At first, we have to download the GeoIP database by going into docker container by using docker exec and downloading the GeoLiteCity.dat database.

# cd /opt/logstash/
 # curl -O "http://geolite.maxmind.com/download/geoip/database/GeoLiteCity.dat.gz"
 # gunzip GeoLiteCity.dat.gz

Afterwards, we have to add a geoip block into the logstash filter by specifying the database to point to the newly downloaded GeoLiteCity.dat database as well as source to specify the field containing the IP address. More specifically, we should add the following to the filter block where the OpenVPN messages are being parsed.

filter {
     geoip {
       source => "vpnhost"
       target => "geoip"
       database => "/opt/logstash/GeoLiteCity.dat"
     }
 }
 

After restarting the logstash and obtainting a new OpenVPN log message, the message will also contain the following fields all starting with geoip, which contain the information about the geographical location of the IP from where the user is connecting.

 

Then we can easily add a new map to Kibana web interface, which will show the IP from where the OpenVPN user connected. On the picture below, we can see the connection came from Slovenia, which is my home country.

Conclusion

Every system generates a number of logs at any given time in order to communicate that certain action was executed or certain problem needs to be addressed.
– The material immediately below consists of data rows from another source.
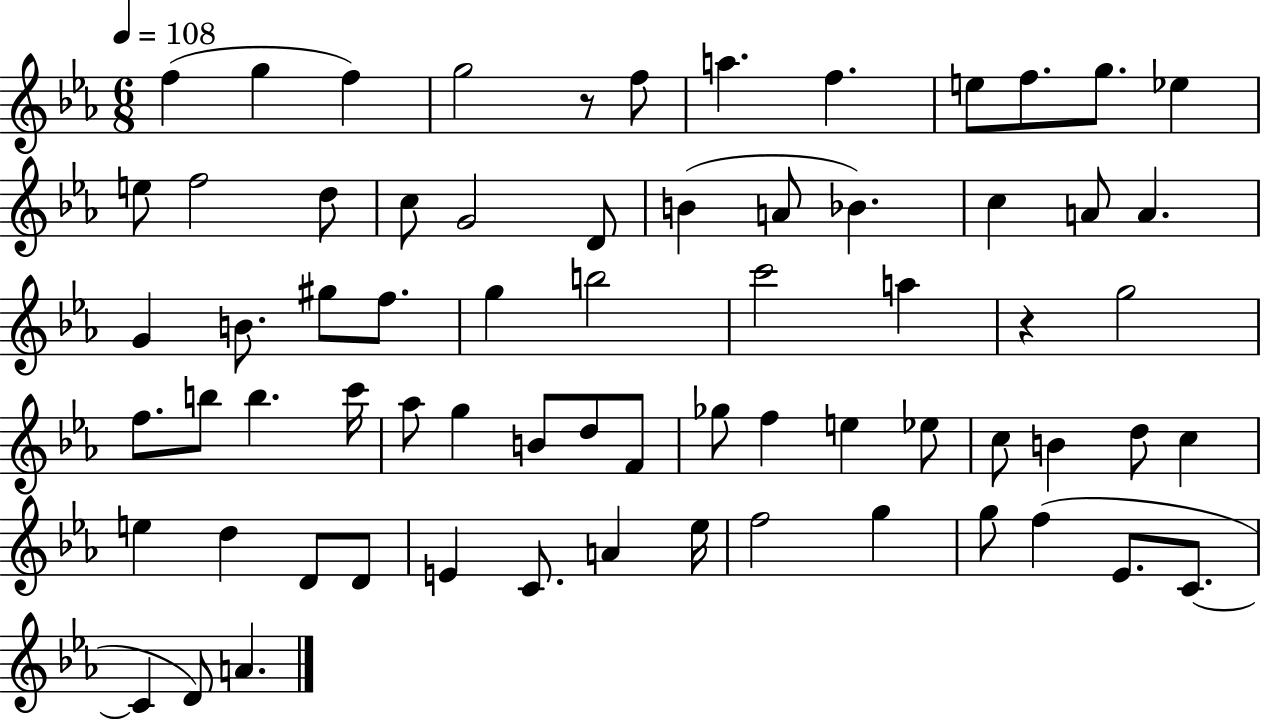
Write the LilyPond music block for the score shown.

{
  \clef treble
  \numericTimeSignature
  \time 6/8
  \key ees \major
  \tempo 4 = 108
  f''4( g''4 f''4) | g''2 r8 f''8 | a''4. f''4. | e''8 f''8. g''8. ees''4 | \break e''8 f''2 d''8 | c''8 g'2 d'8 | b'4( a'8 bes'4.) | c''4 a'8 a'4. | \break g'4 b'8. gis''8 f''8. | g''4 b''2 | c'''2 a''4 | r4 g''2 | \break f''8. b''8 b''4. c'''16 | aes''8 g''4 b'8 d''8 f'8 | ges''8 f''4 e''4 ees''8 | c''8 b'4 d''8 c''4 | \break e''4 d''4 d'8 d'8 | e'4 c'8. a'4 ees''16 | f''2 g''4 | g''8 f''4( ees'8. c'8.~~ | \break c'4 d'8) a'4. | \bar "|."
}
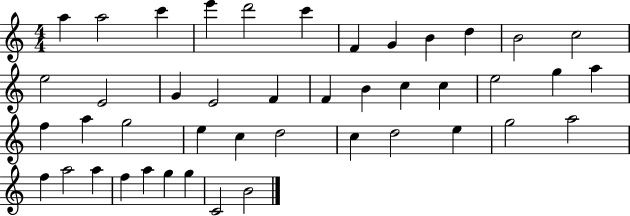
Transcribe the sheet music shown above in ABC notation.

X:1
T:Untitled
M:4/4
L:1/4
K:C
a a2 c' e' d'2 c' F G B d B2 c2 e2 E2 G E2 F F B c c e2 g a f a g2 e c d2 c d2 e g2 a2 f a2 a f a g g C2 B2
It’s often the case that system administrators don’t pay any information to the system logs, so a system problem can go unnoticed for weeks or even months.

System logs are often used for security purposes as well, which is why sending logs to a central server is equally important to analyzing them to determine problems. The central location for storing all the logs is important, because an attacker having compromised a server can also tamper with the logs present on the server. By keeping the logs on a separate central server, the logs are easier to manage and especially analyze and the attacker doesn’t have access to the log server, so the logs are secure, valid and can be used as a forensic evidence when a breach occurs.

In the old days, applications and daemons used to write .log files to the system to inform system administrators about a problem. There are a large number of log files all with its own custom log format, so managing them was hard and inefficient. This is why syslog was invented, which most of the applications and daemons use nowadays.

In the article, we’ve seen the advantages of keeping logs in a central place as well as looked at an actual example of parsing the log messages generated upon a successful OpenVPN connection, storing the IP address of a remote user and visualize it on a graph. Having done so, we can easily check whether a VPN connection came from a different country from where a user is located in which case we must investigate whether an actual existing user has connected to the VPN server.